E insomma standomene seduto al tavolo mentre sfoglio i giornali e leggo del Lecce Calcio che si dimena impantanato della Lega Pro quando era stato una gloria zemaniana da serie A o di cronache di politica locale che si nutrono di assessori parenti e cugini rapinatori-parenti che sbagliano-come un Levi Strauss dilettante, svolgo le mie involontarie quante inevitabili osservazioni antropologiche. Due tizi sui trent'anni entrano per bere un caffe' , dando un'occhiata alle mie spalle allo schermo piatto di una tv che trasmette in diretta un improbabile Marrazzo sotto i bombardamenti israeliani sulla striscia di Gaza, dopo che per una vita  per lui era stata di coca. Ad un tratto uno , barba e occhiali, fa all'altro, barba e occhiali zero.

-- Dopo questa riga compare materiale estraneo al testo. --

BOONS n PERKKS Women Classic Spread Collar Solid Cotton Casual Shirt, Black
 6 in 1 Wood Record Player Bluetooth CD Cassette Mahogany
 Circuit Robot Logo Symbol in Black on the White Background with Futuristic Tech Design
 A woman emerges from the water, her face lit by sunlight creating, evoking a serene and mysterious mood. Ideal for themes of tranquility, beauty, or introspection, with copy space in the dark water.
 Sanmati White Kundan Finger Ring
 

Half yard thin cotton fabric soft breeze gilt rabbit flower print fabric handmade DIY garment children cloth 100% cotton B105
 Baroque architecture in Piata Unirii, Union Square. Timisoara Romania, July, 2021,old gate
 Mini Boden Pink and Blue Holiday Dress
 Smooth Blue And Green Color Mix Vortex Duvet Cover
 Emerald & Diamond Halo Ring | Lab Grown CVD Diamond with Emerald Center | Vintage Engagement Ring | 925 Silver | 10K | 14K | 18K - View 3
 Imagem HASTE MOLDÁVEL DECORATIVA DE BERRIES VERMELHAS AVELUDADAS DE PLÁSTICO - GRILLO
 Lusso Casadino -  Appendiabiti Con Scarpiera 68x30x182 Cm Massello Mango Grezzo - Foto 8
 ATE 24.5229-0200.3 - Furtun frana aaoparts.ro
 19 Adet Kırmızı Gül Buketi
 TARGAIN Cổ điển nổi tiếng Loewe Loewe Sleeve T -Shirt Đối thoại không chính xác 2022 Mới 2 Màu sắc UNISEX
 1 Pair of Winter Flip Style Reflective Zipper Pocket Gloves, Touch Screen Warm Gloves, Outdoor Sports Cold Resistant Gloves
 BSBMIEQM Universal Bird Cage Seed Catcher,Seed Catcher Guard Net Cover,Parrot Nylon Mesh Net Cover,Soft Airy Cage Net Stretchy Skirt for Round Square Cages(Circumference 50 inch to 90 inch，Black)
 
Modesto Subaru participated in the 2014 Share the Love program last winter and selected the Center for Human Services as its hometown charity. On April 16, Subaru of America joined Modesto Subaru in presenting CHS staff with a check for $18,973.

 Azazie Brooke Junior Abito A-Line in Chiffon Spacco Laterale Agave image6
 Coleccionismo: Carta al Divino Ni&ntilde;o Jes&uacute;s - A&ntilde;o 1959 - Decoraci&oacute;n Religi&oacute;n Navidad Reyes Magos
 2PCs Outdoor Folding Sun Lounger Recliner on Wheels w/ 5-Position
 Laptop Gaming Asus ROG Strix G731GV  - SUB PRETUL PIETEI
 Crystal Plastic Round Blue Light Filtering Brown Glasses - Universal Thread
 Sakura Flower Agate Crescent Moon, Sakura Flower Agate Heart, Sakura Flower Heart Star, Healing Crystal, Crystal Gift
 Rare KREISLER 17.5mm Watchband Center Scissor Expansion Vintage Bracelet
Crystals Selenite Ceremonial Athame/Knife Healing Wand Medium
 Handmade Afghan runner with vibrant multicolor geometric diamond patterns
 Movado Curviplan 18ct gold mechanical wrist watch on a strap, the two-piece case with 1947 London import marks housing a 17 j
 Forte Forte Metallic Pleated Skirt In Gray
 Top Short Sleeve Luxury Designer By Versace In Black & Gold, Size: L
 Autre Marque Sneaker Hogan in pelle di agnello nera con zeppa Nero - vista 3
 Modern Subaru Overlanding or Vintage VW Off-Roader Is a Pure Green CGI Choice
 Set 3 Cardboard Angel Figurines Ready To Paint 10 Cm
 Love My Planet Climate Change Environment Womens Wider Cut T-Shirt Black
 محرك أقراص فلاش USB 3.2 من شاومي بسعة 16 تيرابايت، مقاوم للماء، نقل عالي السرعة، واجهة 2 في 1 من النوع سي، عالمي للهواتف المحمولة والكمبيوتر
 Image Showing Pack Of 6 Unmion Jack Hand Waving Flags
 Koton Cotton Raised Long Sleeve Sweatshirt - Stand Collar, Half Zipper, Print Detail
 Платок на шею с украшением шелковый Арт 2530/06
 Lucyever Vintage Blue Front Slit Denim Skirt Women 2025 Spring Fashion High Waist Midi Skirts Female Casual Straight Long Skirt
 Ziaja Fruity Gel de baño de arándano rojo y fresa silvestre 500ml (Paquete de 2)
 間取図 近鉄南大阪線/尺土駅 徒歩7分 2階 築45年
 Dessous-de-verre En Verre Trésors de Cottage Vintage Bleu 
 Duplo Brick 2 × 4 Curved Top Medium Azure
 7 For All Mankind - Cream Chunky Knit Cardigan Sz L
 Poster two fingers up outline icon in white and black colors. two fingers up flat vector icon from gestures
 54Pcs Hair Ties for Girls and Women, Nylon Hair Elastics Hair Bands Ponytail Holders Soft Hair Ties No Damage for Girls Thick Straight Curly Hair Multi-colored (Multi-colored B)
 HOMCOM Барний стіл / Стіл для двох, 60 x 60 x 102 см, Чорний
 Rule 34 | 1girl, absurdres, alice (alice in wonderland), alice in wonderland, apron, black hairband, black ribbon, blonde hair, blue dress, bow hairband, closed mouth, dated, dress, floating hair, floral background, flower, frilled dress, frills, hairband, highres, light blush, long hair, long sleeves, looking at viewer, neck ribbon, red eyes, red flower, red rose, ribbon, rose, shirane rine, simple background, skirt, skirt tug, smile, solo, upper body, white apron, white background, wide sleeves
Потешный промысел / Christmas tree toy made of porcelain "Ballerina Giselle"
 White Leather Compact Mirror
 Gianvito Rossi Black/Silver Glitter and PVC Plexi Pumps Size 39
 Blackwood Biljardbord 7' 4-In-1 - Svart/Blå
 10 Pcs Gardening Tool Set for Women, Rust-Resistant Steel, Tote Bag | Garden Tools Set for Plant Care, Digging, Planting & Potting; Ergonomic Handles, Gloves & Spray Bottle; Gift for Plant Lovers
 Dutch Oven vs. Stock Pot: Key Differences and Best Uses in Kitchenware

-Oh, visto chi c'e'? Fra un po' lo fanno santo a questo, dopo tutto quello che ha fatto.
E se la ridono con Pigi, il quale rincara la dose col ghigno mellifluo della metafora sessuale.
Pigi e' un tipo robusto, con gli occhiali, muove le mani con abilita' e lentezza, col busto fermo come un saggio taoista cinese . E guarda tutti sottecchi con la riflessione dell'assenza di riflessione , mentre si fuma la sua sigaretta handmade in santa pace, fra un caffe' e un aperitivo, fra una spazzata al piazzale fuori e un sorriso all'inglese di turno che sfoglia The Times perche' non e' riuscito a rimediare The Guardian, venuto a svernare in inverno, l'inverno della sua vita. Poi arrivano Giulio Vix, l'avvocato amico mio d'infanzia e Gianpietro Gradone, storico segretario rifondista, reduce da una riassettata alla sezione.
Ci sediamo all'aperto , ad un tavolino illuminato dal sole, le fronti gia' calde. E chiediamo il classico aperitivo mediterraneao, che da 'ste parti, altosalento, puo' valere per qualita' e quantita', persino da pranzo e cena.
Mentre chiacchieriamo del piu' e del meno e Vix si lamenta che Lecce e' una citta' a compartimenti stagni e circoli chiusi , mentre la provincia e meglio, sotto i suoi occhiali da sole e vista tutt'insieme, Gradone, magro e scolpito a furia di biciclettate sulle murge e rosicate di fegato a dispensar esposti per speculazioni edili, da' precise indicazioni a Pigi, Lui per se' vuole tartine di ritz con bresaola e pomodorini. Eh si, dice Pigi, rivolto a me e a Vix: persino quando mangia non sa stare lontano dal rosso. 
Dopo un po' la superficie del tavolino non basta quasi a contenere le portate di friselline e tartine e mozzarelline e triangoli di sfogliate rustiche e rustici wustelosi e quasi i crodini devono essere sfrattati e fatti atterrare all'Orio al Serio del tavolino a fianco. 
A questo punto, sotto un sole ottobrino indimenticabile, con davanti lo sfondo di alberi anche tropicali della villa comunale, i tavolini davanti imbanditi di ogni ben di Dio, ci rendiamo conto della bellezza del creato e di quanto i trigliceridi da queste parti siano piu' rapidi a diventar ricchi dei cartelli della droga colombiana. E questo mentre Vix si affanna a dire che nel pomeriggio ha una partita a tennis sul cemento. E io ho un pranzo dopo a casa dai miei. Chi sa se ce la faccio. Poi penso al racconto del manager della Monsanto. E un po' mi vergogno.